An arbitrary triangle can be described by the coordinates of its three vertices: $(x1,y1),(x2,y2),(x3,y3)$, numbered in a counterclockwise direction. The area of the triangle is given by the formula,
\[A = \frac{1}{2} \bigg| x2y3 - x3y2 - x1y3 + x3y1 + x1y2 - x2y1 \bigg|\]Write a function getTriangleArea(vertices)
that returns the area of a triangle whose vertices are specified by the input argument variable vertices
. The type of the input argument is the programmer’s choice. For example, it could be a cell array or a matrix.
Write a function get_triangle_area(vertices)

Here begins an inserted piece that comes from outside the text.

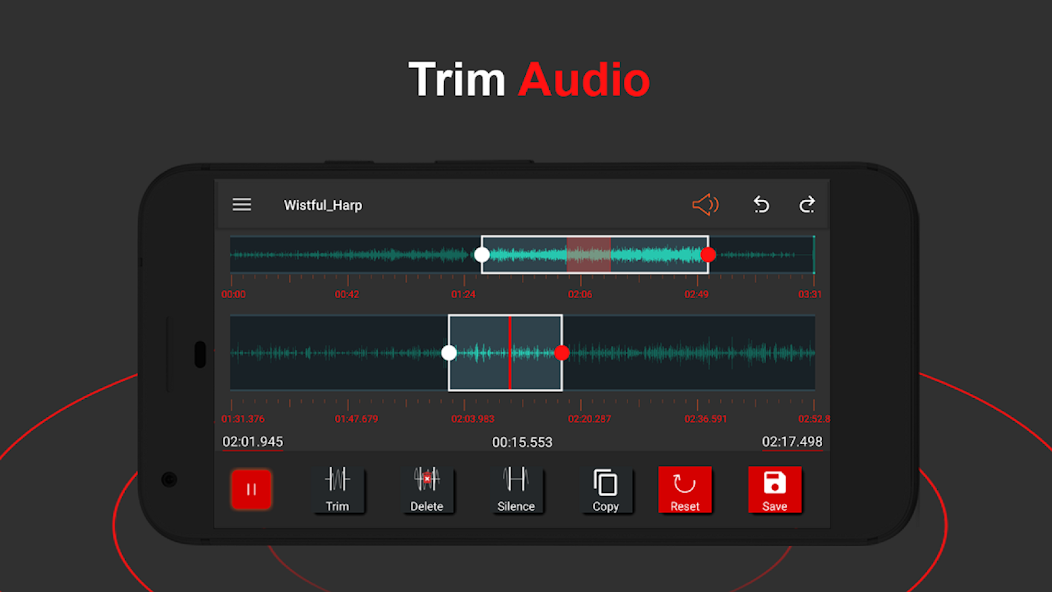 AudioLab - Editor Audio & Pembuat Nada Dering 1.2.95 APK + Mod (Unlimited money) untuk android
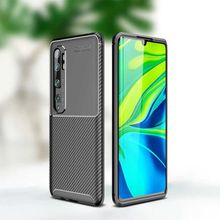 Zore Xiaomi Mi Note 10 Negro Silikon Kılıf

that returns the area of a triangle whose vertices are specified by the input argument variable vertices
, which could be a nested list of the vertex coordinates. Test your implementation with the following test function, which also illustrates how the get_triangle_area
function works.
def test_get_triangle_area():
"""
Verify the area of a triangle with vertex coordinates
(0,0), (1,0), and (0,2).
"""
v1 = (0,0); v2 = (1,0); v3 = (0,2)
vertices = [v1, v2, v3]
expected = 1
computed = get_triangle_area(vertices)
tol = 1E-14
success = abs(expected - computed) < tol
msg = 'computed area=%g != %g (expected)' % (computed, expected)
assert success, msg